Excerpts from James Wellard, Desert Pilgrimage.


As we leaned over the wall, looking out towards the west, I learnt that several of the monks were, even now, out there in the cliffs, pursuing their private orisons. One of these hermits, a former monk of Baramous, was of special interest, for he seemed to me to be a direct descendant of the original desert ascetics. His name was Abuna Abd el-Masih, and this is what I learnt about him as I stood on the monastery ramparts.

Around midnight, Abuna Abd el-Mashi comes out of his cave in the Libyan Desert and stands with his hands held palm upwards in the same posture the first Christians used when praying. His lips move as he looks up into the sky. Sometimes he kneels and touches the ground with his forehead. For the rest of the night he still continues his prayers and genuflections as he had been doing for the last thirty-two years.

Abuna Abd el-Masih is a Coptic monk and he is seventy-two years old. Forty years ago he walked the 1,500 miles from his village in Ethiopia to the monastery of Baramous on the edge of the Western Desert, some seventy miles north-west of Cairo. He spent five years behind the high walls of this Egyptian monastery, distinguishing himself by the severity of his penances, until he found the company of the dozen other monks distracted him from his aim of total mortification. He decided, therefore, to go out into the desert which surrounds Baramous, to dig his own cave, and to spend the rest of his life in complete solitude communing with his Maker.
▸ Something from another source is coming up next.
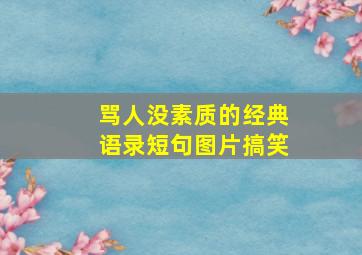 骂人没素质的经典语录短句图片搞笑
In those early days when he was younger the Ethiopian hermit used to walk once a week three miles back to the monastery to get bread, beans, dates, and a jerry-can of water. Now that he is an old man, the monks of Baramous take his meagre rations out to him. He exchanges ritual greetings with his brothers, but that is all. He wants to know nothing about what is going on in the outside world and has no interest in that world any more. He refuses to see visitors, and the monks of the nearby monastery where I spent two days and a night were gently but firmly opposed to my approaching his cave.
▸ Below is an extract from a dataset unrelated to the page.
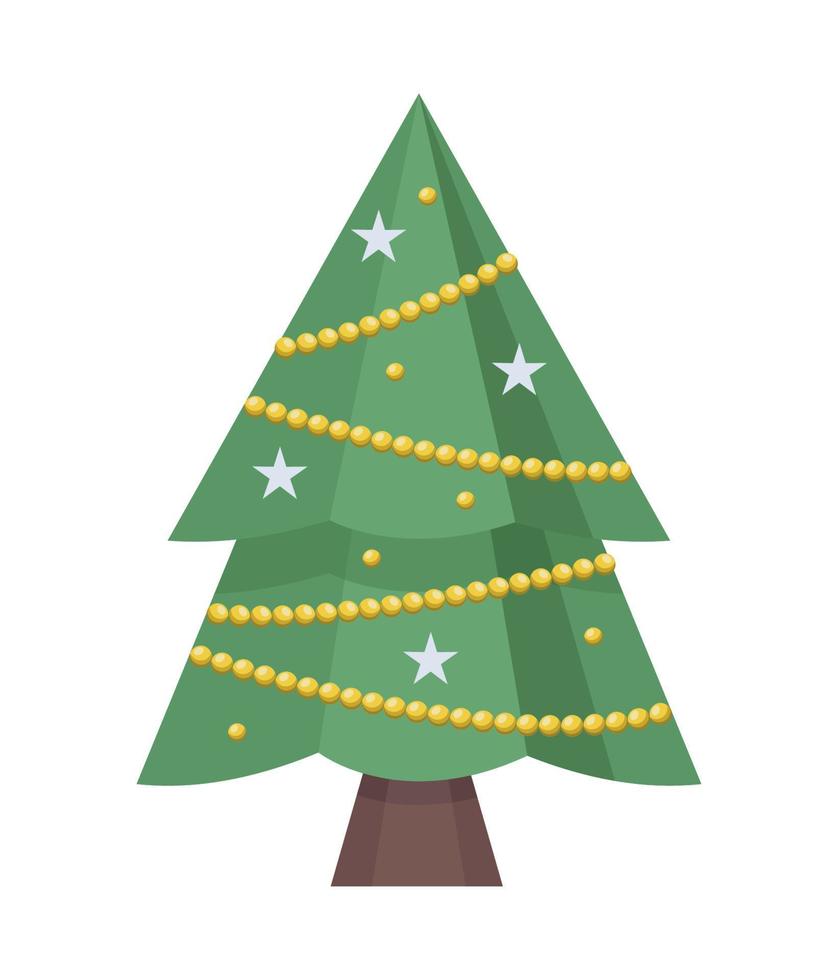 Natale albero con ghirlande vettore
I was told that the last person to try to visit him, a German was dismissed with these words: "If you are a German you are not a Christian, for Germans don't believe in God"
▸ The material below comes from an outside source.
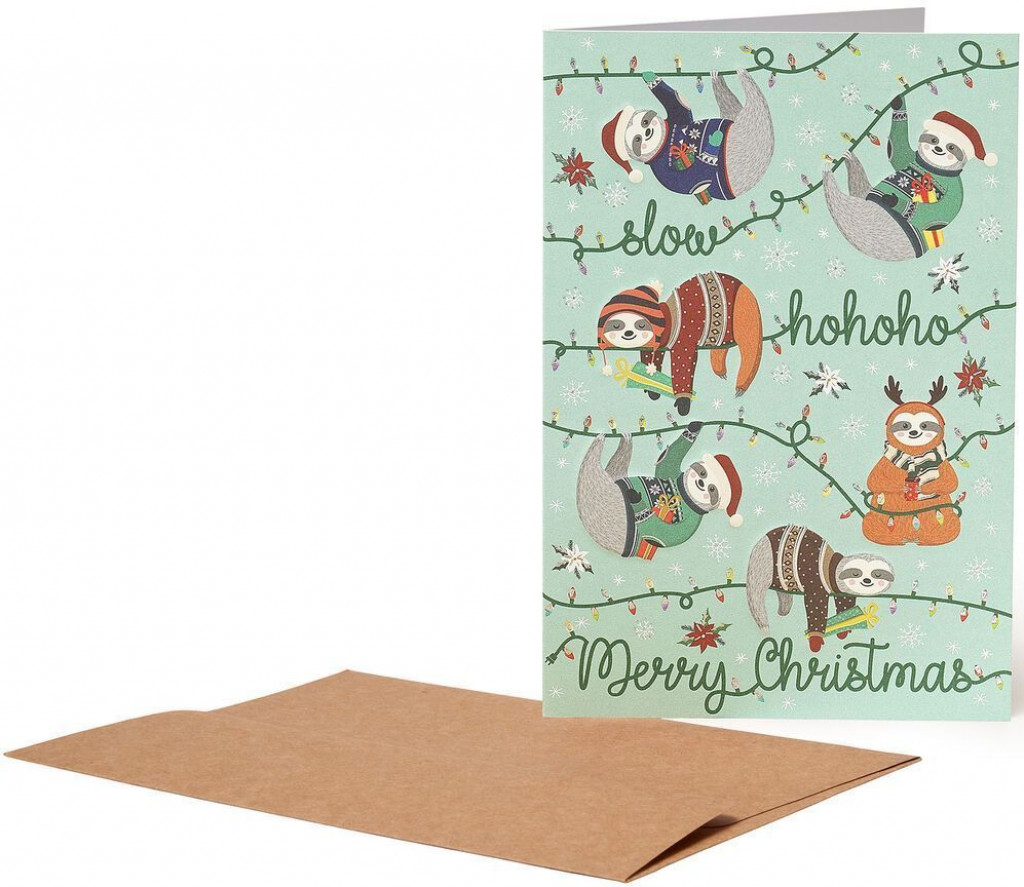 Legami Vianočné prianie Legami Christmas Greeting Cards - 11,5X17 - Sloths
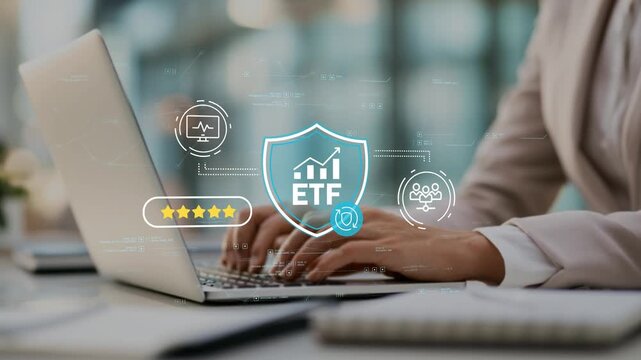 Businesswoman building long term wealth through ETF investing with protected portfolio strategy, financial growth and asset accumulation planning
He even scolds the monks themselves, saying to them; "You monks should know that when you eat oil and fish [he is referring to sardines], the devil will visit you at night."

I would very much very much have liked to visit Abuna Abd el-Masih, since he and several other hermits also living in caves in the region are the direct descendants of the famous anchorites of the Thebaid--of Paul, Antony, Macarius, and the thousands of other solitaries who peopled the Egyptian deserts in the third and fourth centuries of our era. To us in the Western world, so totally oriented to a machine civilisation, the very idea of a man living and thinking exactly as the Desert Fathers did 1,600 years ago is almost incomprehensible.

But standing that night on the ramparts of the monastery at Baramous, and looking out across the silent wastelands, I did not find it so hard to understand. In fact, the monks were not in the least amazed by the spiritual feats of Abuna Abd el-Masih and the other "athletes of God", as the hermits used to be called....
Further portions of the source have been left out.